Dengan bersatu dalam satu negara Khilafah, dunia Islam akan menerapkan mata uang dinar dirham yang terbukti stabil. Hal ini akan mengurangi penggunaan dolar AS secara drastis dan memunculkan raksasa ekonomi baru yaitu Khilafah. Ini bukan hal yang mustahil bagi Khilafah, karena dulu sudah pernah terealisasi. Sebelum era fiat money sebagai konsekuensi penghapusan perjanjian Bretton Woods pada 15 Agustus 1971, emas menjadi standar mata uang dunia. Barulah ketika Bretton Woods dihapuskan, dolar menjadi raja mata uang dunia.

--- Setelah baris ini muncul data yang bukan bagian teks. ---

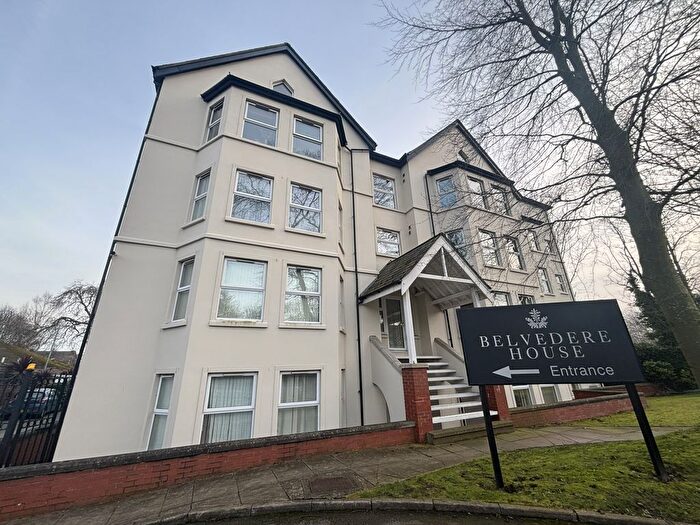 2 Bedroom Flat To Rent In Ullet Road, Liverpool, L8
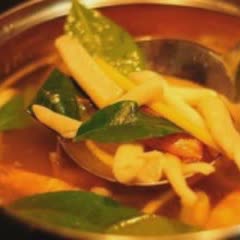 Cách Làm Canh Tom Yum Goong Chuẩn Vị Thái Cực Ngon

Walhasil, dinar dan dirham akan bisa bersinar menggantikan dolar AS sebagai raja mata uang dunia asalkan dunia Islam bersatu dalam institusi Khilafah. Insyaallah hal ini tidak akan lama lagi terwujud asalkan kita istikamah mendakwahkannya. Ketika Khilafah tegak, janji Allah dalam QS. An-Nur: 55 akan terwujud. Allah Swt. berfirman, "Allah telah menjanjikan kepada orang-orang di antara kalian yang beriman dan beramal saleh bahwa Dia sungguh akan menjadikan mereka berkuasa di muka bumi sebagaimana Dia telah menjadikan orang-orang sebelum mereka berkuasa."
Wallahua'lam bi ash-shawab.[]
Baca judulnya aja udh nendang, apalagi isinya... Mantap
Yups aksi serentak negeri-negeri muslim untuk melakukan dedolarisasi tidak akan pernah terwujud ketika mereka masih tersekat-sekat oleh nasionalisme. Itulah sebabnya haruslah hendaknya kita saat ini menerapkan sistem Islam secara menyeluruh agar bisa menghadapi setiap permasalahan yang ada.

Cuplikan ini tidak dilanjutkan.